Data-driven

Natural language processing

Natural language processing is a field on the intersection of linguistics and computer science that focuses on computational techniques that allow the processing of (i.e analysis and generation of) natural language in the form of text or speech.

Related terms: regular expressions, machine learning

Typology examples: Jus Mundi, Automatic Catchphrase Identification from Legal Court Case Documents (Mandal et al. 2017), Exploring the Use of Text Classification in the Legal Domain (Sulea et al. 2017), JURI SAYS

Further reading

Bird, S., Klein, E., & Loper, E. Natural language processing with Python: analyzing text with the natural language toolkit. “ O’Reilly Media, Inc.”. (2009)
Jurafsky, D., & Martin, J. H. ‘Speech and Language Processing: An introduction to speech recognition, computational linguistics and natural language processing.’ Upper Saddle River, NJ: Prentice Hall. (2008) (3rd edition draft available online)
Indurkhya, N., & Damerau, F. J. Handbook of natural language processing. Chapman and Hall/CRC. (2010)

Top

Machine learning

Machine learning is an omnibus term for a computer program or model that uses historical data to make predictions for new (i.e. unseen) data. In more technical terms, machine learning is the process of approximating a function that maps the model’s input (e.g., the text of legal documents, converted into a computer-suitable numerical representation) to the labels (e.g., ‘defendant won’ or ‘prosecution won’, or the amount of a fine). There are different types of machine learning, e.g., supervised, unsupervised, reinforcement learning. The most common approach in the legal domain is supervised machine learning.

Typology examples: Moonlit, Lex Machina, Chinese AI and Law dataset

Further reading

Ashley, K. D. Artificial intelligence and legal analytics: new tools for law practice in the digital age. Cambridge University Press. (2017)

Top

Supervised machine learning

Supervised machine learning is a subcategory of machine learning, that requires labelled data. Within supervised machine learning there are two types of predictive models: classification models, and regression models. Classification is the task of predicting a discrete class label (e.g., whether or not a case will result in an eviction) for a specific input, whereas regression is the task of predicting a continuous quantity (e.g., the length of a prison sentence, in months).

Typology examples: Predicting Brazilian court decisions (Lage-Freitas et al. 2019), Exploring the Use of Text Classification in the Legal Domain (Sulea et al. 2017), JURI SAYS, JusticeBRD

Further reading

Chapter 6 of Bird, S., Klein, E., & Loper, E. Natural language processing with Python: analyzing text with the natural language toolkit. “ O’Reilly Media, Inc.”. (2009)

Top

Unsupervised machine learning

Unsupervised machine learning is a subcategory of machine learning for analysing and clustering unlabelled data.

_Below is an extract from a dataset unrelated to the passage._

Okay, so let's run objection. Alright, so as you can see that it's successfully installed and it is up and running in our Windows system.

Such algorithms are design to find patterns and group data together without having assigned labels to rely on.

Related terms: supervised machine learning

Typology examples: Statutory Article Retrieval Dataset (BSARD), Automatic Catchphrase Identification from Legal Court Case Documents (Mandal et al. 2017), Squirro

Further reading

Blogpost by Divish Dayal. Unsupervised NLP : Methods and Intuitions behind working with unstructured texts

Top

Features

Features are the input which a machine learning model uses to determine its classification. In the case of legal judgement classification, features are extracted from the text and may be (for example) individual words or sequences of words. In order to make these interpretable for a machine learning algorithm, each feature is converted into a series of numbers (i.e. a vector). The features are most commonly extracted automatically (using a large piece of text), but can also be chosen manually. For instance, if one wants to predict court decisions these could be specific variables, such as judges, precedents, articles of law, etc.

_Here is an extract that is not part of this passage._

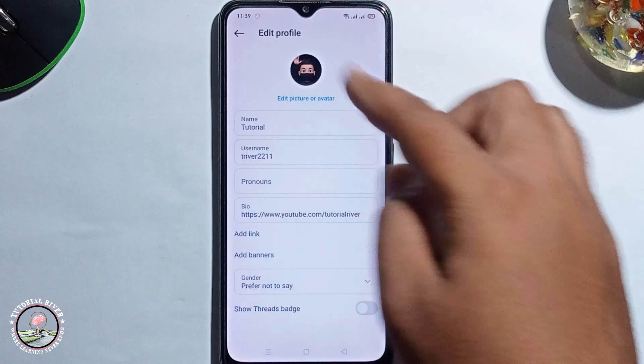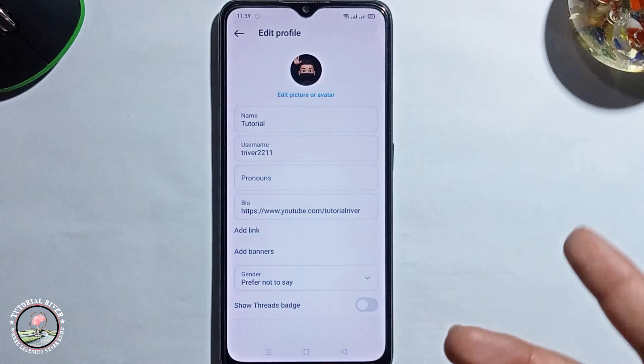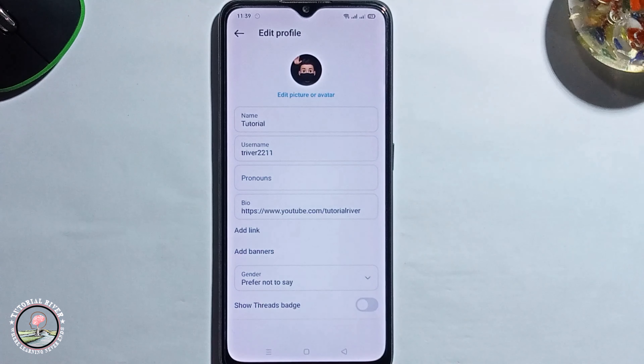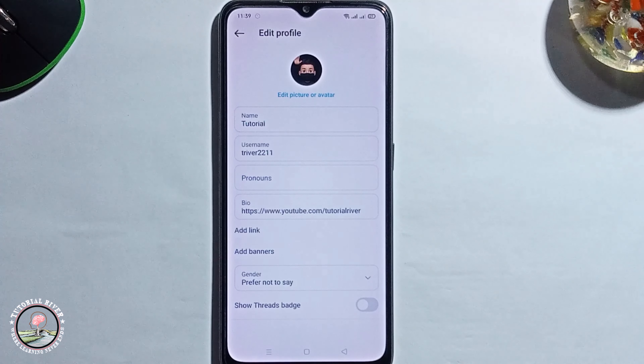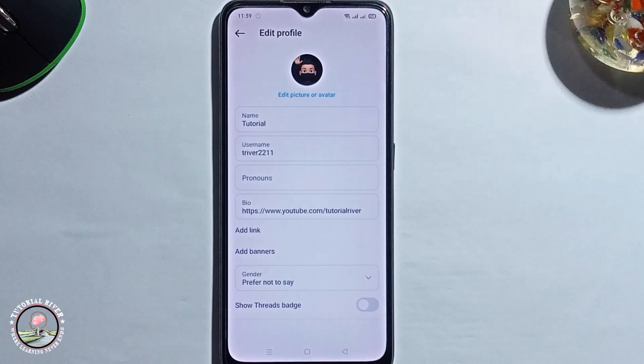Hello everyone! In today's video I'm going to show you how to disable Instagram profile picture zoom. First, open Instagram. Before we start, make sure to subscribe to our channel and hit the bell icon for more videos.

Related terms: machine learning, tf-idf

Typology examples: Exploring the Use of Text Classification in the Legal Domain (Sulea et al. 2017), JURI SAYS

Further reading

Blogpost by Danny Butvinik Feature Selection — Exhaustive Overview

Top

N-grams

N-gram is a sequence of words (or characters). Single words are called unigrams, sequences of two words are dubbed bigrams, and sequences of three consecutive words are called trigrams. If we split the sentence By a decision of 4 March 2003 the Chamber declared the application admissible. into bigrams (i.e. two consecutive words) the extracted features consist of:

By a, a decision, decision of, of 4, 4 March, March 2003, 2003 the, the Chamber, Chamber declared, declared the, the application, application admissible, admissible .

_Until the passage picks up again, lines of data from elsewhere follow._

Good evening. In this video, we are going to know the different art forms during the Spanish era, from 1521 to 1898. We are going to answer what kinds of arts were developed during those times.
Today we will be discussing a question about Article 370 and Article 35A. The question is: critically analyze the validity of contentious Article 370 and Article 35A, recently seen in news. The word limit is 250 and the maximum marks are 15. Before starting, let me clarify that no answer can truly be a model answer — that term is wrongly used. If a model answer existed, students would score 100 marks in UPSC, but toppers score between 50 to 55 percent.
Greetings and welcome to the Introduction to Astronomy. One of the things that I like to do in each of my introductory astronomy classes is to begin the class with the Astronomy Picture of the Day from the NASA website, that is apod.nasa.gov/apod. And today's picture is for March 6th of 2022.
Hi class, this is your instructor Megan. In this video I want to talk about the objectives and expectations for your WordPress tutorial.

For trigrams, the features consist of:

By a decision, a decision of, decision of 4, of 4 March, 4 March 2003, March 2003 the, 2003 the Chamber, the Chamber declared, Chamber declared the, declared the application, the application admissible, application admissible .

Related terms: features, tf-idf

Typology examples: Exploring the Use of Text Classification in the Legal Domain (Sulea et al. 2017), JURI SAYS

Further reading

Chapter 3 of Jurafsky, D., & Martin, J. H. ‘Speech and Language Processing: An introduction to speech recognition, computational linguistics and natural language processing.’ Upper Saddle River, NJ: Prentice Hall. (2008) (3rd edition draft available online)

Top

Tf-idf

The underlying idea is that the n-grams characteristic of a certain case will only occur in a few cases, whereas common, uncharacteristic n-grams will occur in many cases.

Related terms: features, n-grams

Typology examples: Jus Mundi, Exploring the Use of Text Classification in the Legal Domain (Sulea et al. 2017), JURI SAYS

Further reading

Chapter 6 of Jurafsky, D., & Martin, J. H. ‘Speech and Language Processing: An introduction to speech recognition, computational linguistics and natural language processing.’ Upper Saddle River, NJ: Prentice Hall. (2008) (3rd edition draft available online)

Top

Support Vector Machines

Support Vector Machines or SVMs is a supervised machine learning classifier commonly used in natural language processing (i.e. when working with text). To classify the data an SVM tries to split the data points, based on their labels in the dataset (i.e. the training data). Specifically, it will determine the simplest (linear) equation that separates differently-labelled data points from each other with the least amount of error. To make the prediction the decides on the best hyperplane (i.e. a line in multiple dimensions) to separate the data. The support vectors are the data points nearest to this line. The goal of the SVM algorithm is to choose the position of the hyperplane in such a way that the largest possible margin with respect to the support vectors is achieved. This allows for a greater chance to classify new (i.e. unseen) data correctly. While non-linear SVMs are possible, linear SVMs are most commonly used in text classification.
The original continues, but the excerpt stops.